Wednesday, 24 September 2008

Double The Love

Diva and I have no idea if this is legal but I received an award from Brett the other day I gave it to her and now she wants to give it to this blog, feeling that I deserve to have it both here and on Jamjarsuperstar.

I think this is fair enough, and to make it more legal I've decided not to nominate anyone and just leave it as the people I've mentioned on JJS.

Extra thanks to everyone who has given me awards/memes/general praise and support throughout my blogging voyage so far!!

Getting To Grips With Gadgets

Today was the day I finally came round to browsing some of the new little gadgets that Blogger have spent so much time compiling. Some of seem a little odd (I'll not say pointless but seriously, Mario and Zelda on your blog? What next?) but then I've found some lovely little gadgets.

When I first started SCG, I thought that it would be a good idea to put up a feature where I put a quote or saying up every day but this idea failed miserably - I just didn't keep up the payments, so to speak.
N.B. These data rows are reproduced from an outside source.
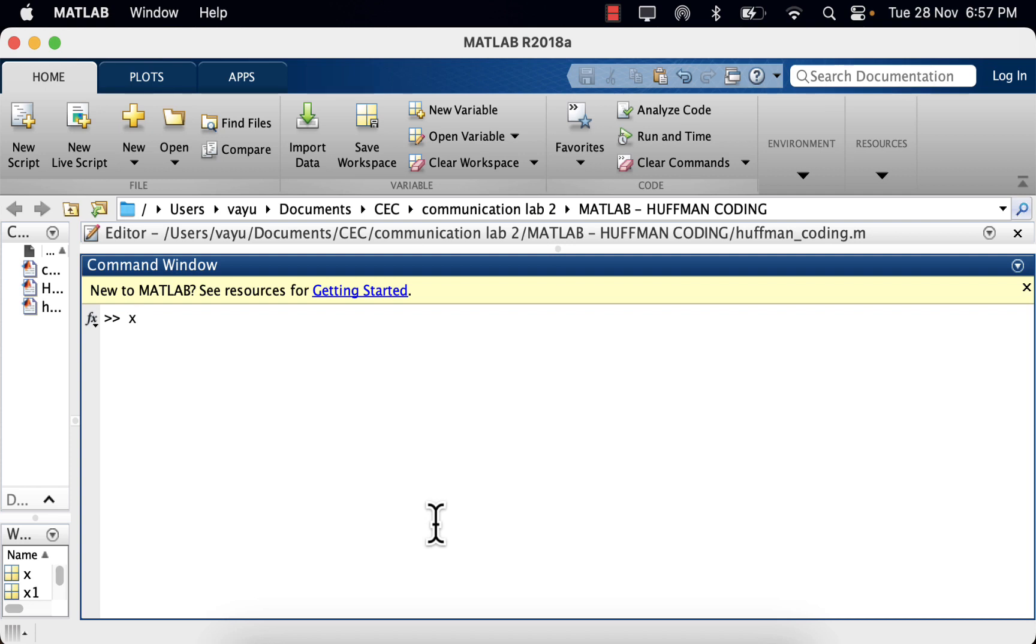I want to put it in the variable x, so x is equal to, within a square bracket, 1 space 1 semicolon 1 space 1. If you hit enter, this is basically a matrix of size 2 by 2.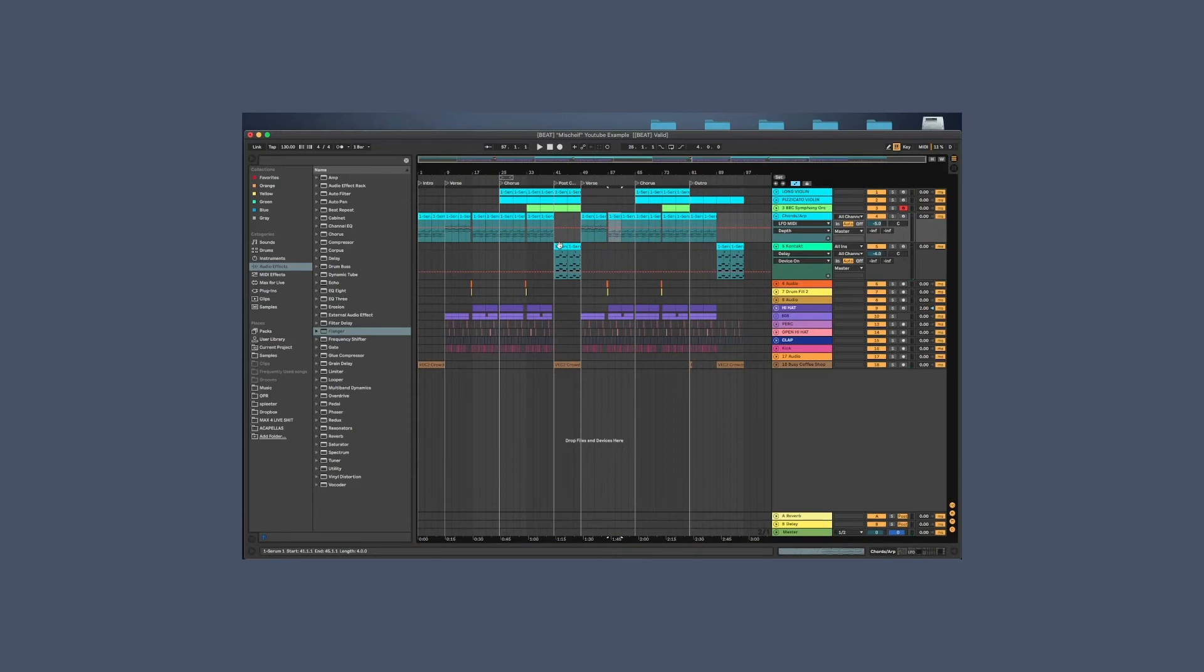Some other examples: in the verse, maybe your song is being played on the piano. In the chorus, maybe try to switch it up and play it on the guitar. Just switching things up and making people interested, keeping people engaged.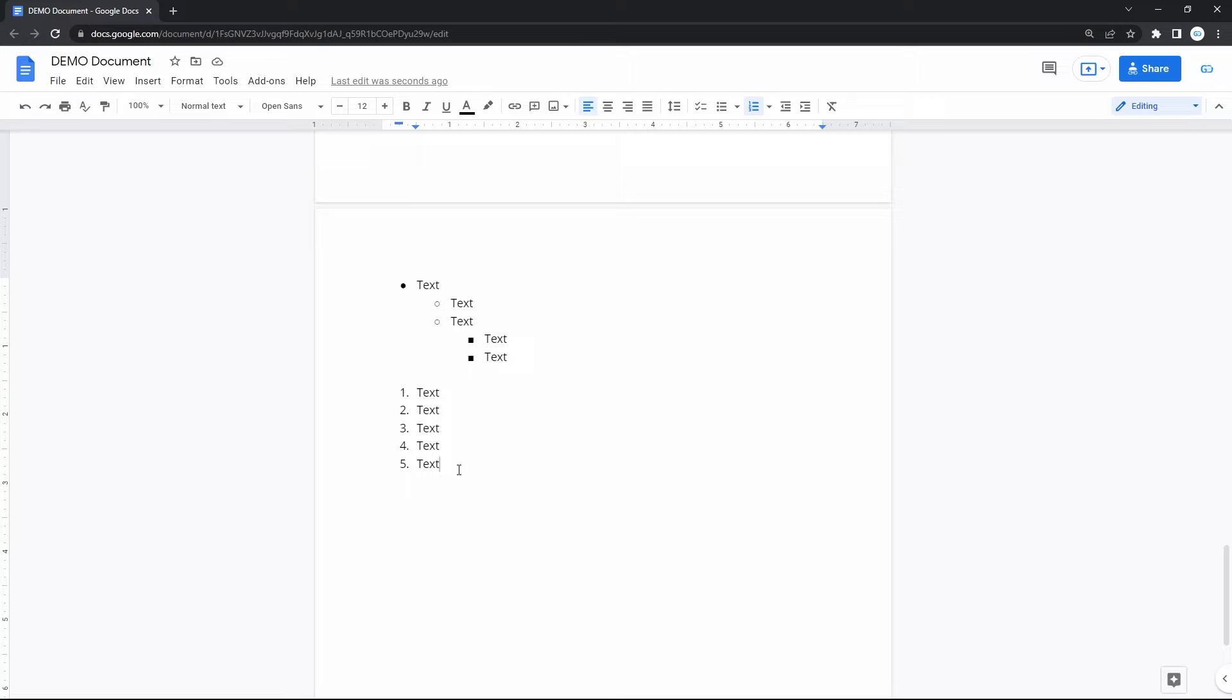To finish editing the list and return to normal text, hit ENTER on the empty line with the bullet point.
But now I have blogger to do it for me! Hooray! We'll be enlightened every time we view the blog!

And I've inserted the headlines of the day on to my blog as well, so you can all keep up with current affairs (for the UK at least...) - see, I'm so generous with my information aren't I?

Tuesday, 23 September 2008

Epidemic! Run For The Hills!

So right now I'm recovering from the common cold (which I find as being an odd name because there's nothing common about the type of colds I get - it's much more than the regular sniffles and drippy nose!) and everyone around me is coming down with it.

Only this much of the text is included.